Map a set of organizational domains:

bash
cat <<EOF > org-domains.txt
company.com
api.company.com
docs.company.com
staging.company.com
blog.company.com
EOF

./bin/spyder -domains=org-domains.txt -concurrency=64

Extract the IP-to-domain mapping:

bash
./bin/spyder -domains=org-domains.txt 2>/dev/null | \
  jq -r '.edges[] | select(.type=="RESOLVES_TO") | [.source, .target] | @tsv' | \
  sort -k2

Example output:

api.company.com     104.21.32.15
docs.company.com    104.21.32.15
company.com         104.21.32.16
blog.company.com    185.199.108.153
staging.company.com 34.102.136.180

This immediately shows that api.company.com and docs.company.com share an IP (likely behind the same load balancer or CDN edge), while blog.company.com sits on GitHub Pages infrastructure and staging.company.com runs on Google Cloud.

CNAME Chain Analysis

CNAME records (exposed as ALIAS_OF edges) reveal CDN and service provider delegations:

bash
./bin/spyder -domains=org-domains.txt 2>/dev/null | \
  jq -r '.edges[] | select(.type=="ALIAS_OF") | "\(.source) -> \(.target)"'
www.company.com -> company.com.cdn.cloudflare.net
docs.company.com -> hosting.gitbook.io
status.company.com -> statuspage.betteruptime.com

Each CNAME target reveals which third-party service hosts that subdomain. This is invaluable for understanding external dependencies without access to internal DNS zone files.

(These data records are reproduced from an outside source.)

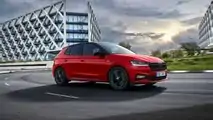 Skoda Fabia Monte Carlo 2022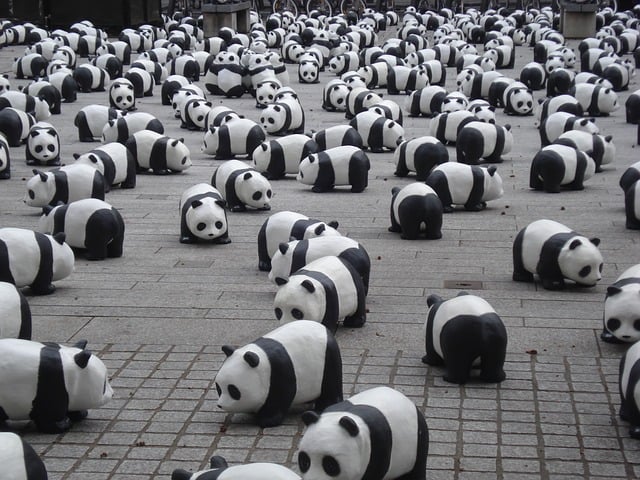 pandas-google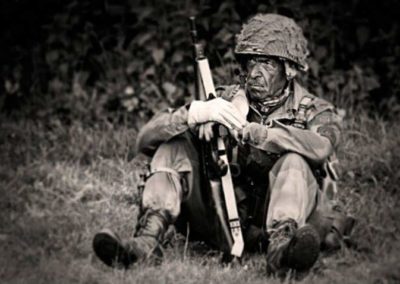 Pathfinder de la 82nd Airborne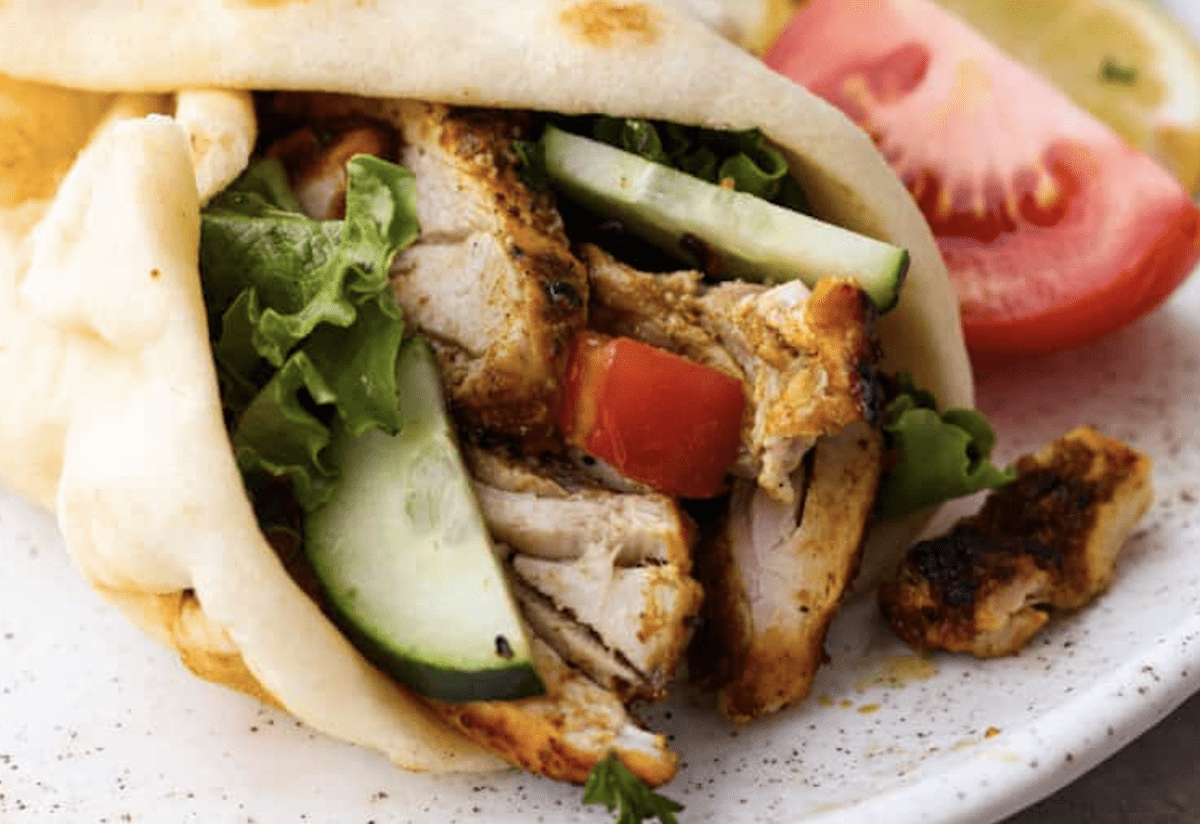 Easy To Make Chicken Shawarma Recipe The Recipe Critic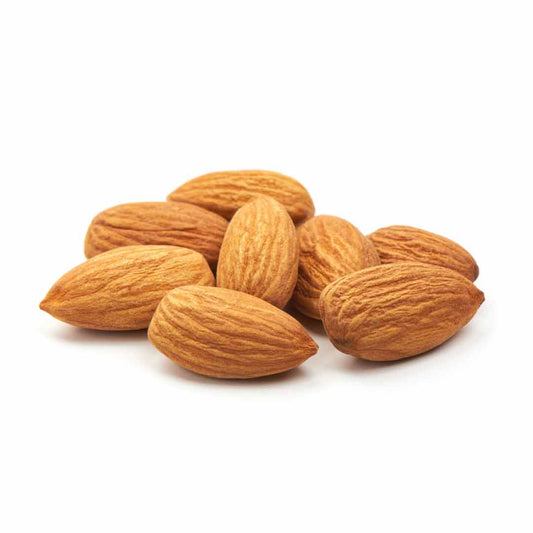 Amandes crues – Entières, non salées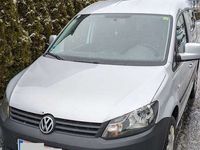 gebraucht VW Caddy Kombi 1.6 TDI - navi, Klimaautomatik, TÜV neu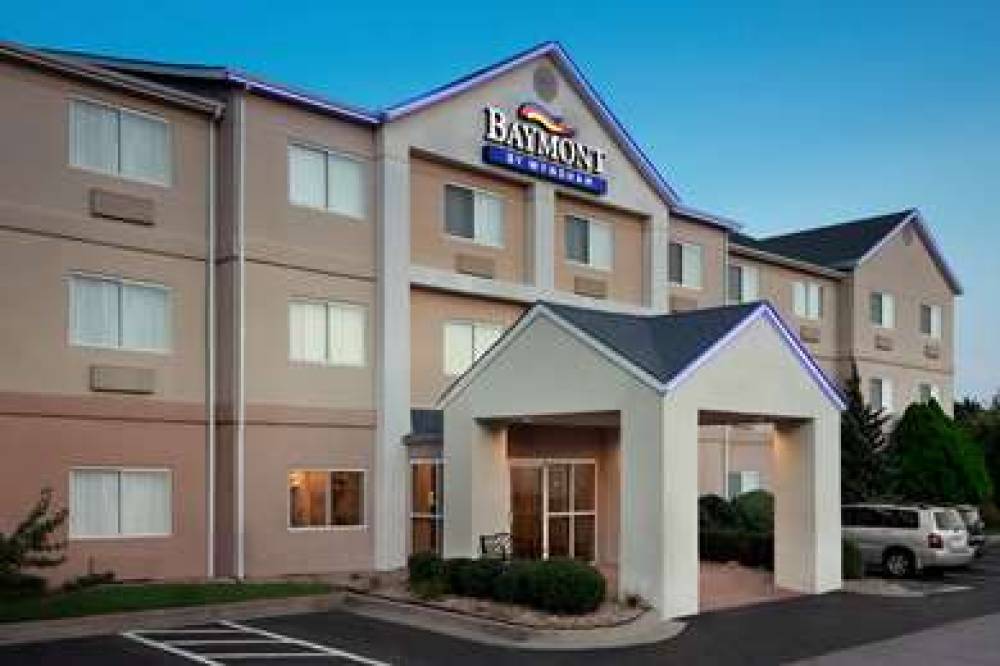 BAYMONT BY WYNDHAM TULSA 3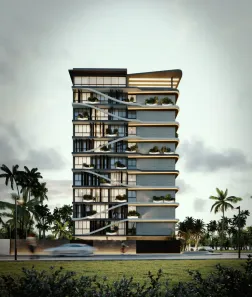 Flat com 1 Quarto à venda, 23m² no Poço, Cabedelo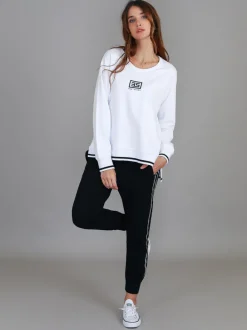 3rd Story Lanna 3S Logo Sweatshirt< Sweatshirts|Sweatshirts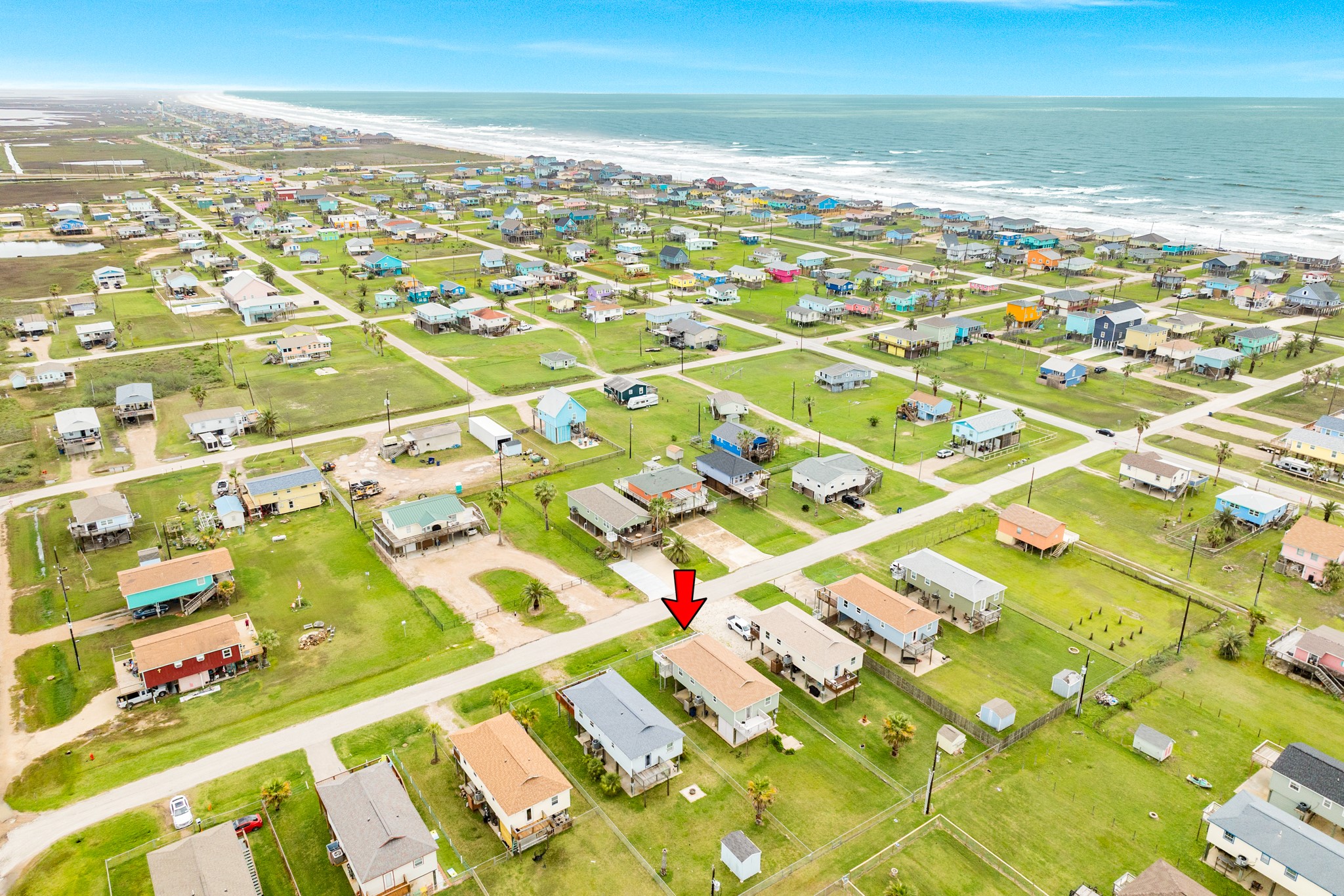 433 Seabean Street Surfside Beach, TX 77541 - Photo 32 of 34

CDN and Hosting Provider Identification

Detecting CDN Usage

CDN providers appear as CNAME targets and as shared IP ranges. Extract CDN indicators from SPYDER output:

bash
# Find all CNAME targets that suggest CDN usage
./bin/spyder -domains=domains.txt 2>/dev/null | \
  jq -r '.edges[] | select(.type=="ALIAS_OF") | .target' | \
  grep -iE '(cloudflare|cloudfront|akamai|fastly|cdn|edgecast|azureedge)' | \
  sort -u

Identify which domains use which CDN:

bash
./bin/spyder -domains=domains.txt 2>/dev/null | \
  jq -r '.edges[] | select(.type=="ALIAS_OF") | "\(.source)\t\(.target)"' | \
  awk -F'\t' '{
    cdn="unknown"
    if ($2 ~ /cloudflare/) cdn="Cloudflare"
    else if ($2 ~ /cloudfront/) cdn="CloudFront"
    else if ($2 ~ /akamai/) cdn="Akamai"
    else if ($2 ~ /fastly/) cdn="Fastly"
    else if ($2 ~ /azureedge/) cdn="Azure CDN"
    print $1 "\t" cdn
  }' | sort -k2

Hosting Provider Clustering

Group domains by their resolved IP addresses to find shared hosting:

bash
./bin/spyder -domains=domains.txt 2>/dev/null | \
  jq -r '.edges[] | select(.type=="RESOLVES_TO") | [.target, .source] | @tsv' | \
  sort | \
  awk -F'\t' '{
    if ($1 == prev_ip) {
      domains = domains ", " $2
    } else {
      if (NR > 1 && count > 1) print prev_ip "\t(" count " domains)\t" domains
      prev_ip = $1; domains = $2; count = 0
    }
    count++
  } END { if (count > 1) print prev_ip "\t(" count " domains)\t" domains }'

This surfaces IPs that host multiple domains, a strong indicator of shared hosting, CDN edge nodes, or consolidated infrastructure.

DNS Dependency Mapping

Nameserver Analysis

NS records reveal which DNS providers each domain depends on. A single DNS provider outage can take down every domain delegated to it.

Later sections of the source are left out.